**Activity:** Repeat nothing but the lines below running from the one containing "เสริมหน้าอกมีกี่วิธี แตกต่างกันอย่างไร" to the one containing "Mô phỏng quy". Keep both end lines.

Caption-style text data
◆ ◆ ◆ ◆ ◆ ◆ ◆

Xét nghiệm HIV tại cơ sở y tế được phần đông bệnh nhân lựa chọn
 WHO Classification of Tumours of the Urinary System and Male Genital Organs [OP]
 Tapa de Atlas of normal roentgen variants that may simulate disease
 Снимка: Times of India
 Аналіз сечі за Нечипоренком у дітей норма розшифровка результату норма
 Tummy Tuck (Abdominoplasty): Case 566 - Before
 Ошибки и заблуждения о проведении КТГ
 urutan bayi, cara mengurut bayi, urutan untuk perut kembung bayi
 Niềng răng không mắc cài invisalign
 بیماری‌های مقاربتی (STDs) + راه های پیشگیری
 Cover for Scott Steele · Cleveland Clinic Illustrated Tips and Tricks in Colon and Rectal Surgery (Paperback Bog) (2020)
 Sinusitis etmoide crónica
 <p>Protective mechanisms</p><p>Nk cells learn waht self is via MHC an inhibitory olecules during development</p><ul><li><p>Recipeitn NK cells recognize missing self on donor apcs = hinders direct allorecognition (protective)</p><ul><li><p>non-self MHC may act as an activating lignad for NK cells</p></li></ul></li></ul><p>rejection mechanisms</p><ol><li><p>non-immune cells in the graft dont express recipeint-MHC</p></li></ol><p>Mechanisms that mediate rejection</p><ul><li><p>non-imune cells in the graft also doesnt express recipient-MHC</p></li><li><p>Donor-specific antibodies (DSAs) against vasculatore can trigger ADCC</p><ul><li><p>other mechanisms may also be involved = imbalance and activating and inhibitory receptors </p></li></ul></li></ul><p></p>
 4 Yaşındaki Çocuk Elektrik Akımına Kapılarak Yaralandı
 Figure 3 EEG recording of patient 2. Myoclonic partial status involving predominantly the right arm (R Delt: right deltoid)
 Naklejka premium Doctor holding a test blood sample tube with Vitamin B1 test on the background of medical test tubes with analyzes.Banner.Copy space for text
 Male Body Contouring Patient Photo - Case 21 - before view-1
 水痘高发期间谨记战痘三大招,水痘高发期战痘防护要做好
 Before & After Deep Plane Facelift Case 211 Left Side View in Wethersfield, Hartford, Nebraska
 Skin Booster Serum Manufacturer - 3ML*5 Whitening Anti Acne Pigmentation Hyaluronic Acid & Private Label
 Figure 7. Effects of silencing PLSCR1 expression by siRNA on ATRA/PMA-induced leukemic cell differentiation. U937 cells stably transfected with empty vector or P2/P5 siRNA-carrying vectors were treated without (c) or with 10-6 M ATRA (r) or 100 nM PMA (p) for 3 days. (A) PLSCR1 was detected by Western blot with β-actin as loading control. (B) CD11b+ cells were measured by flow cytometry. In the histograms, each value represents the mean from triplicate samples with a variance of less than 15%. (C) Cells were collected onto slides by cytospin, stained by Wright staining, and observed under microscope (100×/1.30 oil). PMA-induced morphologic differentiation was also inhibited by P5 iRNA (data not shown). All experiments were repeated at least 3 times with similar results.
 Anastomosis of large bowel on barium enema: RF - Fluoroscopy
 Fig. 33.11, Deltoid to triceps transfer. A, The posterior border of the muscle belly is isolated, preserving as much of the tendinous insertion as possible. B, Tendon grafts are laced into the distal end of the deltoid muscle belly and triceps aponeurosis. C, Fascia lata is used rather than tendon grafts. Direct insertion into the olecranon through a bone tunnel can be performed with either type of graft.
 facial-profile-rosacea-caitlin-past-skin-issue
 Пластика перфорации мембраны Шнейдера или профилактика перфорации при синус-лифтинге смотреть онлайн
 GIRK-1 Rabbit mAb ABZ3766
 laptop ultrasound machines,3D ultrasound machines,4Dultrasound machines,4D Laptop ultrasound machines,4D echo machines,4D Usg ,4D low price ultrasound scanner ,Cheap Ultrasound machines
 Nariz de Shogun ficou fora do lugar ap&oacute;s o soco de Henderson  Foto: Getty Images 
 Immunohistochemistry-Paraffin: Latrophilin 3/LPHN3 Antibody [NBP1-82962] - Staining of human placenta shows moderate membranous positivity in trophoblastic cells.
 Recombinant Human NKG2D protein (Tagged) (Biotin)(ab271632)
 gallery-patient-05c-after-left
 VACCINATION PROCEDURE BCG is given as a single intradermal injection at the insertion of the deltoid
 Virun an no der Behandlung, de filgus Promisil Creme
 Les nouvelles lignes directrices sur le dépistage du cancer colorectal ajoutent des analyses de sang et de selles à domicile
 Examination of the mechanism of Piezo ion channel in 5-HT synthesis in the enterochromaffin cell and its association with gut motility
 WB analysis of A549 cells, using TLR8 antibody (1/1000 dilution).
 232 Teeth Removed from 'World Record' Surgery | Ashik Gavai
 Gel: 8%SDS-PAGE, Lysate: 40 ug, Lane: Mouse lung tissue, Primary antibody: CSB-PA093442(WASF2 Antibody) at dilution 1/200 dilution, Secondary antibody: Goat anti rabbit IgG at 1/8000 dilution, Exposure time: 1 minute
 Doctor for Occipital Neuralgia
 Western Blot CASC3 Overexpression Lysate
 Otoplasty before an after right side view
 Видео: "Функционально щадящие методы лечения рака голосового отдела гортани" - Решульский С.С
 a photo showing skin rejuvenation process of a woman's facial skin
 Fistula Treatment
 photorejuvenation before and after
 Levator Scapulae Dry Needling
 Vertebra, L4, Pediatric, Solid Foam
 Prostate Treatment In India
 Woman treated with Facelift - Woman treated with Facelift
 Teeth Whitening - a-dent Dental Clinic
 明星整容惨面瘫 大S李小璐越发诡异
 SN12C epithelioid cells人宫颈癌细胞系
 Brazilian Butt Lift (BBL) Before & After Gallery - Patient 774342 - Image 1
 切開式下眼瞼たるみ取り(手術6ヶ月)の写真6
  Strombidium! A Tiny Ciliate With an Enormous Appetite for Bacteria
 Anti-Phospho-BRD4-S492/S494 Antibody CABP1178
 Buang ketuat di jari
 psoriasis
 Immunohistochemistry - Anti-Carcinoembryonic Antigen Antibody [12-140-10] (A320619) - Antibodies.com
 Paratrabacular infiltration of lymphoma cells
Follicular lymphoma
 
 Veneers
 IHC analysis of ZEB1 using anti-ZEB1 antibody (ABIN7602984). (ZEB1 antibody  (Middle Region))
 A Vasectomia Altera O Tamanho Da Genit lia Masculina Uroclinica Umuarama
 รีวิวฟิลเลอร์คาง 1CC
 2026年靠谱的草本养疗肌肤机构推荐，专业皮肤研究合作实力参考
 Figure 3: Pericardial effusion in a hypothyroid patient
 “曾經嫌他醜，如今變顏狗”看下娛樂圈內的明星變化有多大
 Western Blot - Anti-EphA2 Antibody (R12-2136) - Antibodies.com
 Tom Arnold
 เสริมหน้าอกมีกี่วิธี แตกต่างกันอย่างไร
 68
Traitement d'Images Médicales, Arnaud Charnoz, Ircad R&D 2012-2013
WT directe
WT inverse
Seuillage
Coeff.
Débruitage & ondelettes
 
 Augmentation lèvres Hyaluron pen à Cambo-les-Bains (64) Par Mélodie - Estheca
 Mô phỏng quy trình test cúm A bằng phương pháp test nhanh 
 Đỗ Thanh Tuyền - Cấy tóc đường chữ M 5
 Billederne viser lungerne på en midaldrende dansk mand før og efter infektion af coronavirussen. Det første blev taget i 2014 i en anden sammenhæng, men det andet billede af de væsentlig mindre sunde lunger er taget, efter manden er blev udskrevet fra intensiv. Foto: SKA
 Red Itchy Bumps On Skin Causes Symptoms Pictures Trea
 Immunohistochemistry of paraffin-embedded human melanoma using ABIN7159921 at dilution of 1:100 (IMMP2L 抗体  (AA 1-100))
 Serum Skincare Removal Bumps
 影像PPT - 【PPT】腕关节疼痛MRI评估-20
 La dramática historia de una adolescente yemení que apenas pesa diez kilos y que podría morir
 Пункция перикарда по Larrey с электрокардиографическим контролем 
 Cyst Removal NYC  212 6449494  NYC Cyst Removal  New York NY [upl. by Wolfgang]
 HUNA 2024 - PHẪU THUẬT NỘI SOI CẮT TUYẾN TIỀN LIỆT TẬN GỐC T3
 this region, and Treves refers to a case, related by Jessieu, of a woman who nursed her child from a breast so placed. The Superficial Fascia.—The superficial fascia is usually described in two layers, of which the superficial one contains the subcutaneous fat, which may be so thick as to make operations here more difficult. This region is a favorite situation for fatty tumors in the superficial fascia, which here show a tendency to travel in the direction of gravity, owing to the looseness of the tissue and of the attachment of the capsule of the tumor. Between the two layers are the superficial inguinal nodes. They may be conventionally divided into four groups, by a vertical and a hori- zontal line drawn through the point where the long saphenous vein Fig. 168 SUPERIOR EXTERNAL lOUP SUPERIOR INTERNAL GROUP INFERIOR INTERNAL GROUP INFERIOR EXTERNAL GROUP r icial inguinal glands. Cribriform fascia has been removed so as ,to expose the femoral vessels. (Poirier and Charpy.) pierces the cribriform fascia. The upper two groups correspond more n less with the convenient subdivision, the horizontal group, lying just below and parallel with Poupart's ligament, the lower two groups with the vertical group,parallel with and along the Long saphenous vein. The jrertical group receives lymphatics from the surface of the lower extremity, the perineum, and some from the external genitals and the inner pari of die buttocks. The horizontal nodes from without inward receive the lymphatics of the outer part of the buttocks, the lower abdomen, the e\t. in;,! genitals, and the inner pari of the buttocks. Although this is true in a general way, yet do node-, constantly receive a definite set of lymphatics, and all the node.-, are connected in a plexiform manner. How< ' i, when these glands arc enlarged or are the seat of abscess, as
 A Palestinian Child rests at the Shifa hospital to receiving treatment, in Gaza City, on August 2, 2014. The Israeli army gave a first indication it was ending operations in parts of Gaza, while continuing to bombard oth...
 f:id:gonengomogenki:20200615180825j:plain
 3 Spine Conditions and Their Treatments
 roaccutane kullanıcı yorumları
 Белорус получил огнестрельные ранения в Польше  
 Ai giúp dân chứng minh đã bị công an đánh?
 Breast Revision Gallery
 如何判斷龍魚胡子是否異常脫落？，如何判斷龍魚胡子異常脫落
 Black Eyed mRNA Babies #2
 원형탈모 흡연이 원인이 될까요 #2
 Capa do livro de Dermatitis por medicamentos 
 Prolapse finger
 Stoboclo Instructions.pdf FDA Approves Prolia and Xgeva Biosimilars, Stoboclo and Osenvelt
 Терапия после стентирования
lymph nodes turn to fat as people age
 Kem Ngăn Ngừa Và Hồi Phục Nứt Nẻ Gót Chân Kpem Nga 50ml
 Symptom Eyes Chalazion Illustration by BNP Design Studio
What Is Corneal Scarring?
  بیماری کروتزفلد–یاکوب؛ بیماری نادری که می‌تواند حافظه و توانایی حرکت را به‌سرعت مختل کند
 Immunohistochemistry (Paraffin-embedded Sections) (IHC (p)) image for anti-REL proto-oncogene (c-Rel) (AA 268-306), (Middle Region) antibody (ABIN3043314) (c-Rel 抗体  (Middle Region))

◆ ◆ ◆ ◆ ◆ ◆ ◆

**Answer section:**
 เสริมหน้าอกมีกี่วิธี แตกต่างกันอย่างไร
 68
Traitement d'Images Médicales, Arnaud Charnoz, Ircad R&D 2012-2013
WT directe
WT inverse
Seuillage
Coeff.
Débruitage & ondelettes
 
 Augmentation lèvres Hyaluron pen à Cambo-les-Bains (64) Par Mélodie - Estheca
 Mô phỏng quy trình test cúm A bằng phương pháp test nhanh 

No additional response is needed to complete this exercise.